A anti-tank rocket was fired at the U.S. Embassy in Sanaa, Yemen on Saturday, wounding several guards, in a revenge attack by an Al Qaeda splinter group. The attack was retaliation for what the group said was an American drone strike that killed two Al Qaeda terrorists in the northern al Jawf province on Friday.
No U.S. personnel or Embassy buildings were hit, but a nearby truck with Yemeni special security forces was hit, injuring the guards occupying the vehicle. It was reported that a barricade blocking the Embassy took the brunt of the blast.
Al Qaeda of the Arabian Peninsula, otherwise known as AQAP, claimed responsibility for the attack on Twitter, tweeting that it had fired upon the U.S. embassy and had injured guards and damaged a vehicle. A rocket was fired from the terrorists’ vehicle using a M72 light anti-tank weapon before driving away, according to a police source who spoke to Reuters.
The U.S. State Department said it had no indication that the embassy was the target of the attack, and confirmed that none of the embassy staff were wounded.
Yemen is on the verge of becoming a failed state despite the Obama administration’s strategy. During his address to the nation on the 13th anniversary of September 11, 2001, President Obama raised eyebrows when compared his strategy to deal with ISIS as one similar to the strategy in Yemen and Somalia.
“This strategy of taking out terrorists who threaten us, while supporting partners on the front lines, is one that we have successfully pursued in Yemen and Somalia for years,” the president said. Experts reacting to the speech expressed concern over the president’s approach, knowing full-well that both countries are breeding grounds for Islamic extremism and violence.
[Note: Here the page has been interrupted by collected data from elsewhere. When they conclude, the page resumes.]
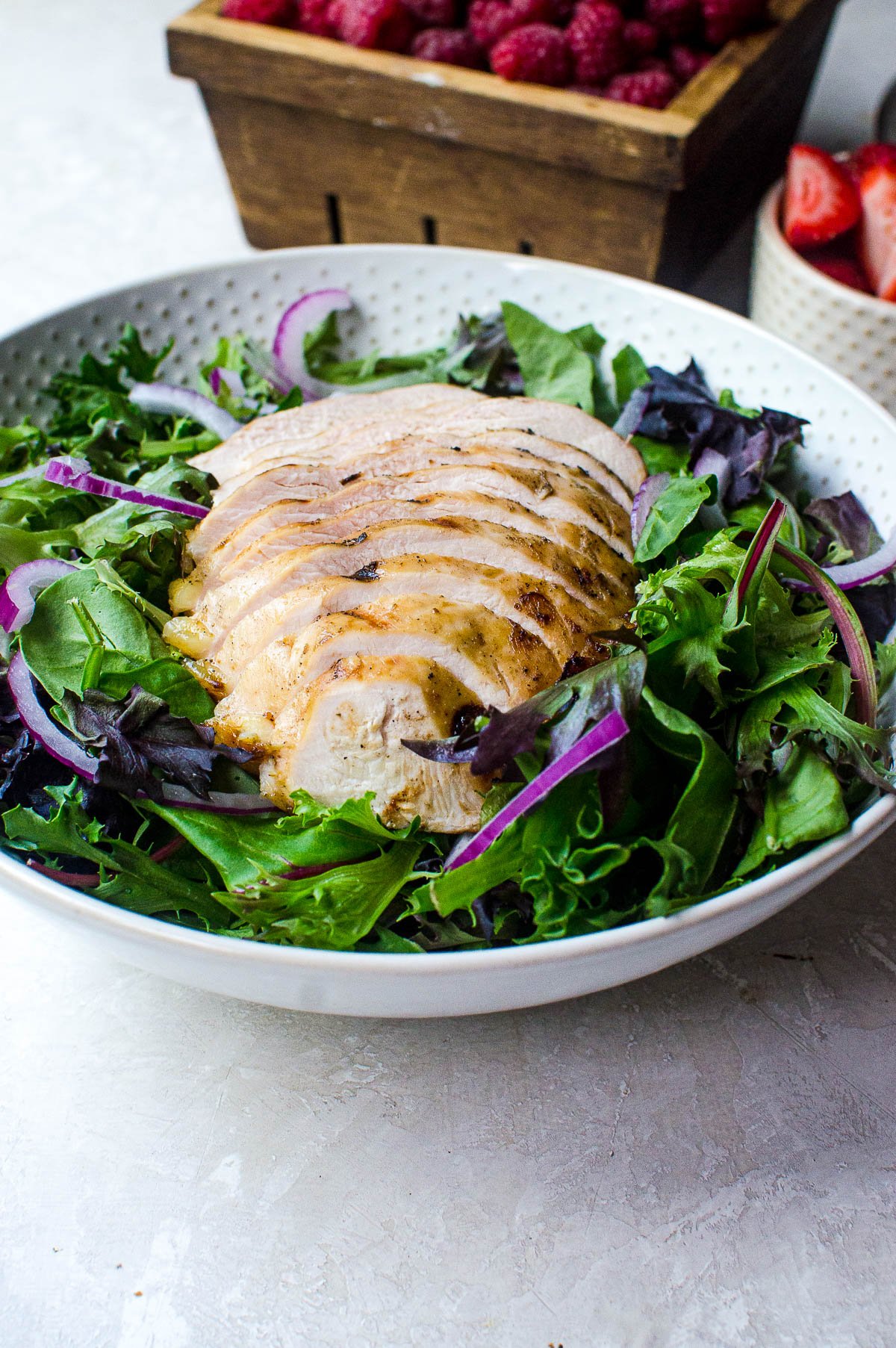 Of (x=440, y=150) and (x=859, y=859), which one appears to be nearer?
(x=859, y=859)

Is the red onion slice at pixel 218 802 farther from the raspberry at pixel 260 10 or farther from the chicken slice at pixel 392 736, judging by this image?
the raspberry at pixel 260 10

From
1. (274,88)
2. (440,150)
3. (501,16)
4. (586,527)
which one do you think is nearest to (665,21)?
(501,16)

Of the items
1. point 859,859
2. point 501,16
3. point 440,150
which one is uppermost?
point 501,16

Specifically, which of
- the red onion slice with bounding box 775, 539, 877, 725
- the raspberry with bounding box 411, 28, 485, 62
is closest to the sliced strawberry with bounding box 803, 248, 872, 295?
the raspberry with bounding box 411, 28, 485, 62

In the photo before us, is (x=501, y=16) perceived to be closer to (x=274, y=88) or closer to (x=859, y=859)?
(x=274, y=88)

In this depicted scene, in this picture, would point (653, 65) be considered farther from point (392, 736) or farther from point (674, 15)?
point (392, 736)

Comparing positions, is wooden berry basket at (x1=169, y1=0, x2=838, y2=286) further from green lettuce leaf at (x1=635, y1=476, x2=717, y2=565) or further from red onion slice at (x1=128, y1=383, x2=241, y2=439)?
green lettuce leaf at (x1=635, y1=476, x2=717, y2=565) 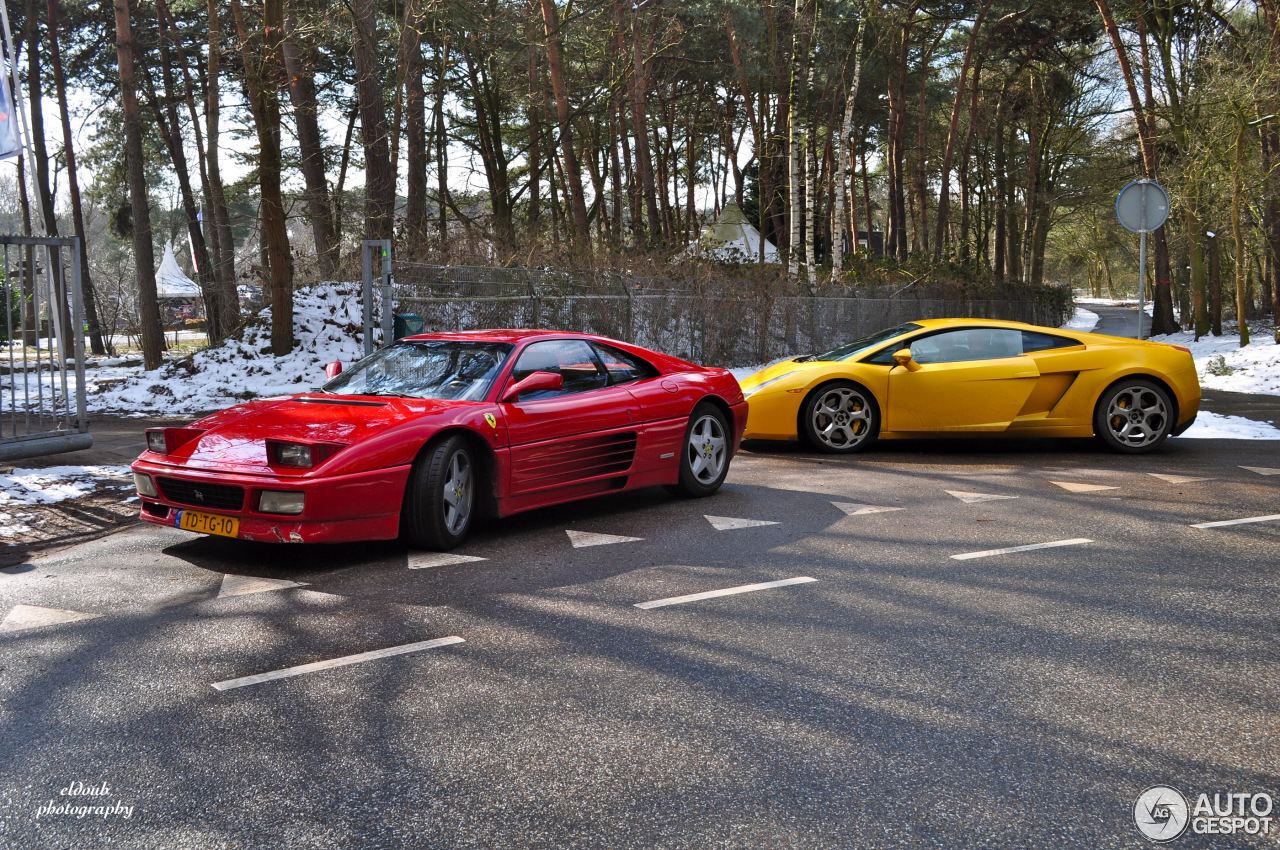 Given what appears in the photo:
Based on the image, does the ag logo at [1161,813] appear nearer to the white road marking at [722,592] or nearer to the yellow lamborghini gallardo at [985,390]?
the white road marking at [722,592]

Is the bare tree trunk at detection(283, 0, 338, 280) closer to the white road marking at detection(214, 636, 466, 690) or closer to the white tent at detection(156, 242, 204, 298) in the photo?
the white road marking at detection(214, 636, 466, 690)

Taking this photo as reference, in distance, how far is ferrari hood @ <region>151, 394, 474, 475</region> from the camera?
5.61m

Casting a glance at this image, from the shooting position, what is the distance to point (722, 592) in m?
5.15

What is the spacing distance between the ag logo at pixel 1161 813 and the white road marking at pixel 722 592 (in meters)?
2.37

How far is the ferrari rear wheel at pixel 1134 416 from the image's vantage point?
976 cm

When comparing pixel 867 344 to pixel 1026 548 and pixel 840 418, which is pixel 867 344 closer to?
pixel 840 418

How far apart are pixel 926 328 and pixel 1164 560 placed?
467 cm

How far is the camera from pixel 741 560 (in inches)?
231

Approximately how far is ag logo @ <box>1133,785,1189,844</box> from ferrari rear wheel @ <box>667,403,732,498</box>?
493 centimetres

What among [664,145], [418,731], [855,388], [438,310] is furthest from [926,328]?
[664,145]

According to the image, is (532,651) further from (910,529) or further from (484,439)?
(910,529)

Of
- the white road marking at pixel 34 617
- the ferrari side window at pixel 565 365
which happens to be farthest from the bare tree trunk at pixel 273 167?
the white road marking at pixel 34 617

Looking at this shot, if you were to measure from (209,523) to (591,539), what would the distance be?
218 centimetres

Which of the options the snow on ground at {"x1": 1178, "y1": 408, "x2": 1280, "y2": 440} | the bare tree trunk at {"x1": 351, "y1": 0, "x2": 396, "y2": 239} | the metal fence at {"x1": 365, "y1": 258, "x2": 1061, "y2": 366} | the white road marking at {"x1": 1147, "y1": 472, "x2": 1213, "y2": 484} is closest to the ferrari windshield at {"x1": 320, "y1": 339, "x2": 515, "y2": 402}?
the white road marking at {"x1": 1147, "y1": 472, "x2": 1213, "y2": 484} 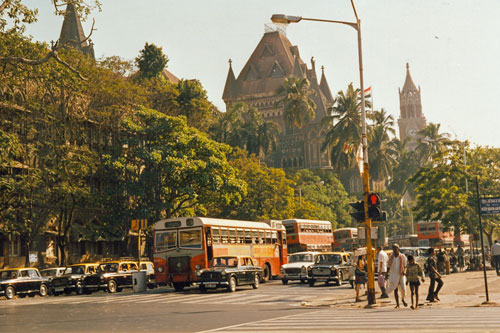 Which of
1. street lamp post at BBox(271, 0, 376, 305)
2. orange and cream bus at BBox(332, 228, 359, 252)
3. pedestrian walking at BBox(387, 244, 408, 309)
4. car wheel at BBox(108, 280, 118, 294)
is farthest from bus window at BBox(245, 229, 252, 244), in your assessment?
orange and cream bus at BBox(332, 228, 359, 252)

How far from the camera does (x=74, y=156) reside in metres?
42.5

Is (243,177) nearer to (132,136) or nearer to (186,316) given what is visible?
(132,136)

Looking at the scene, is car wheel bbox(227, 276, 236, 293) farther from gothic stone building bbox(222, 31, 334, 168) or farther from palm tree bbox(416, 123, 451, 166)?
gothic stone building bbox(222, 31, 334, 168)

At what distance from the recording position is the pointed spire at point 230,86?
12649 centimetres

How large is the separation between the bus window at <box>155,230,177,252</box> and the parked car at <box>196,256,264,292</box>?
1.88m

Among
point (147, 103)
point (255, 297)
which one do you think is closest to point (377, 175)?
point (147, 103)

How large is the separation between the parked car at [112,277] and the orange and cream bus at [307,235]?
14815 millimetres

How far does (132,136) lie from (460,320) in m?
36.2

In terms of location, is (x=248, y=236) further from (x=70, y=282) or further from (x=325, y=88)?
(x=325, y=88)

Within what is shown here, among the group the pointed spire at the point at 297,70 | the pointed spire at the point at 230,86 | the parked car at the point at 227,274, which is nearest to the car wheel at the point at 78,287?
the parked car at the point at 227,274

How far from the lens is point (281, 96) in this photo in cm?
12069

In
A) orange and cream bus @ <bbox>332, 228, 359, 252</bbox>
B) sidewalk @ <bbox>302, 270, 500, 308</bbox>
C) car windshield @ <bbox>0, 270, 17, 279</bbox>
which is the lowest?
sidewalk @ <bbox>302, 270, 500, 308</bbox>

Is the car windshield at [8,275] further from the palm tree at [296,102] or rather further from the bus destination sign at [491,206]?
the palm tree at [296,102]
Now, U.S. officials believe that AQAP is attempting to dominate the violence after what has been a competition with the Iranian-backed Houthis, who recently seized control of major government and military facilities in the country. The Shiite Muslim rebels seized control of large parts of the city last week, hours before the signing of an agreement for the creation of a new government. The U.S. strategy has not been effective just as the recently signed accord between the government and terror group has not put an end to the violence.
President Abdu Rabbu Mansour Hadi has raised his concerns with U.S. officials that Yemen is on the path to civil war. Early on Saturday, the so-called “rebels” staged a bold attack on the home of Yemen’s intelligence chief in Sana.
The attack was not the first attempted in recent years, and comes just one day after the U.S. told its citizens to leave Yemen and announced it was cutting down the number of its government employees in the country. Also, in May this year, the embassy said armed individuals had tried to kidnap two of its officers in Sana.